Li Huamin, Kluger Yuval, Tygert Mark
Yale University, Program in Applied Mathematics, 51 Prospect St., New Haven, CT 06510.
Yale University, School of Medicine, Department of Pathology, Suite 505L, 300 George St., New Haven, CT 06520.
Adv Comput Math. 2018 Oct;44(5):1651-1672. doi: 10.1007/s10444-018-9600-1. Epub 2018 Mar 19.

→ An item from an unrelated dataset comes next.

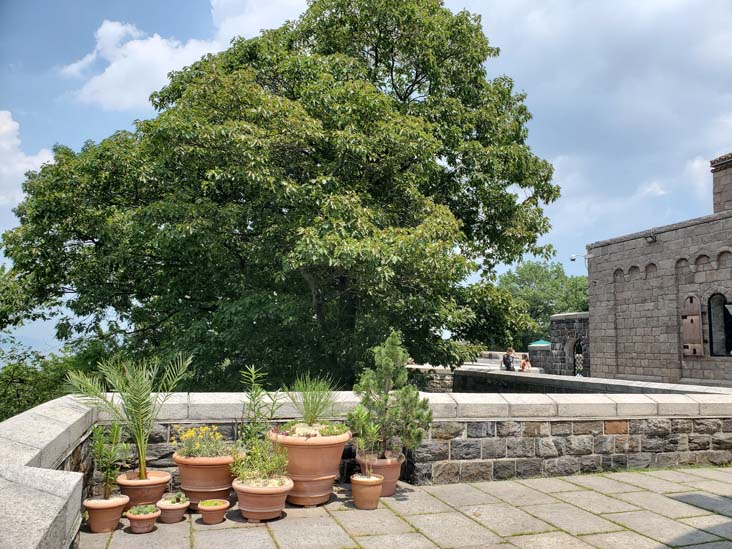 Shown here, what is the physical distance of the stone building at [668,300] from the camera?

Randomized algorithms provide solutions to two ubiquitous problems: (1) the distributed calculation of a principal component analysis or singular value decomposition of a highly rectangular matrix, and (2) the distributed calculation of a low-rank approximation (in the form of a singular value decomposition) to an arbitrary matrix. Carefully honed algorithms yield results that are uniformly superior to those of the stock, deterministic implementations in Spark (the popular platform for distributed computation); in particular, whereas the stock software will without warning return left singular vectors that are far from numerically orthonormal, a significantly burnished randomized implementation generates left singular vectors that are numerically orthonormal to nearly the machine precision.
(1)对高度矩形矩阵进行主成分分析或奇异值分解的分布式计算,以及(2)对任意矩阵进行低秩近似(以奇异值分解的形式)的分布式计算。经过精心优化的算法所产生的结果始终优于Spark(分布式计算的流行平台)中现有的确定性实现;特别是,现有的软件会在没有警告的情况下返回数值上远非正交的左奇异向量,而经过显著优化的随机实现所生成的左奇异向量在数值上几乎达到机器精度的正交。